Seems like a good time to remind everyone that the Wikipedia article for Curtis LeMay , head of the strategic air command (ie bombing of Korea) during the Korean War, only mentions Korea 1 time and not until in the series of links at the bottom of the page.
And just a highlight of what that actually represents: "We went over there and fought the war and eventually burned down every town in North Korea anyway, some way or another, and some in South Korea, too." Pyongyang, which saw 75 percent of its area destroyed, was so devastated that bombing was halted as there were no longer any worthy targets. By the end of the campaign, US bombers had difficulty in finding targets and were reduced to bombing footbridges or jettisoning their bombs into the sea.
And German nazis call what happened to dresden "bombenholocaust"... :germany-cool:
Bomber Harris fly again.
Those fucks who were in Korea better stay grounded tho :stalin-gun-1:
uncritical support for the DPRK in its heroic struggle to liberate occupied Korea from the genocidal American empire
in the Blowback episode about Korea in the post-armistice era, they mention how by the 1970s, the DPRK had a higher quality of life for its people than almost all South Koreans, which was still under capitalist military dictatorship and had outrageous sweatshop conditions (https://en.wikipedia.org/wiki/Seoul_Peace_Market) as well as ongoing torture/death camps for organizers of work stoppages/slowdowns to improve conditions. the DPRK was very popular with its population while the southern puppet government was continually rocked by crisis. the DPRK was actually sending food aid to the South at this time.
the DPRK had improving economic relations within and outside of the socialist bloc, but after the soviet project collapsed, the US decided (in the same way they did with Cuba) to put the screws to the DPRK with brutal sanctions happening alongside the broader asian market crisis. then the DPRK became part of Bush's politically expedient Axis of Evil.

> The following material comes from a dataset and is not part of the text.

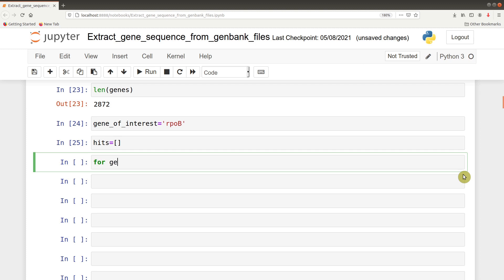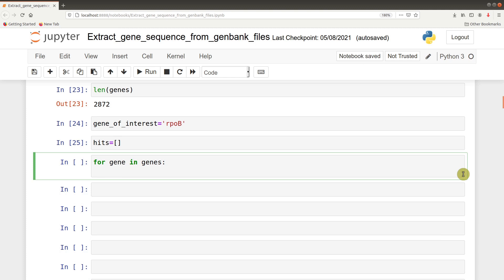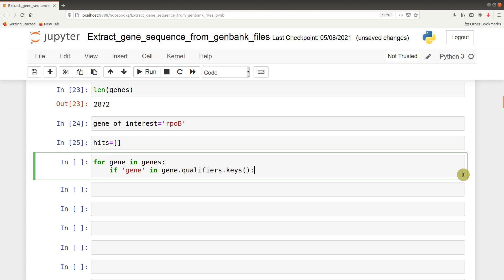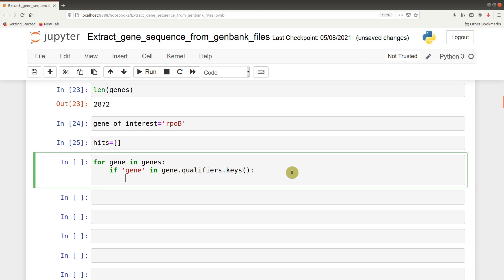Now we proceed with the iteration. We say for gene in genes, if gene in gene.qualifiers.keys. Here we're looking for additional information in the GenBank file. If it's a gene, we should have this information there. Using that information, we'll now get the rpob. Once we have this if statement, we move to the next line. If we have that key with the name gene, we probe further to find the name.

blowback makes a strong case for how the conditions of the Korean peninsula and relations between the north and south is generally a product of whatever insane domestic political project is going on in washington d.c. like the Korean War itself coinciding with the second red scare.

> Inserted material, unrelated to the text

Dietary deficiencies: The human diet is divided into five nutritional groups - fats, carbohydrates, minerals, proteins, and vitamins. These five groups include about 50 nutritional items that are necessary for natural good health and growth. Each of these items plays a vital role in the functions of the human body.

FOUND IT! Goddamn I'm the best hacker this site's ever seen :big-cool:
god the stupid fucking piglet is like "yeah but that was a long time ago [literally still in living memory of people in korea and america]"
like part of it is americans don't know history, but another part is that they're deeply averse to learning history or thinking history matters
they do similar shit with civil rights for black americans. "slavery and segregation were a long time ago." my mother has memories of being a little girl and black people in her town having to go to the theater through the back, i'm sure that kind of social situation and its consequences just magical evaporated into perfect equality over night.
Ruby Bridges is still alive and the shitstains who threw rocks at her are trying very hard to make it illegal to tell their grandkids about that.
"I would simply recover from a massive war while undergoing a brutal sanctions regime that's lasted for 70 years"
America might be able to do that simply because it is one of the largest, most resource rich, and most agriculturally productive nations to have ever existed. A tiny peninsula with some good farming and resources? Put the American people there and they would die.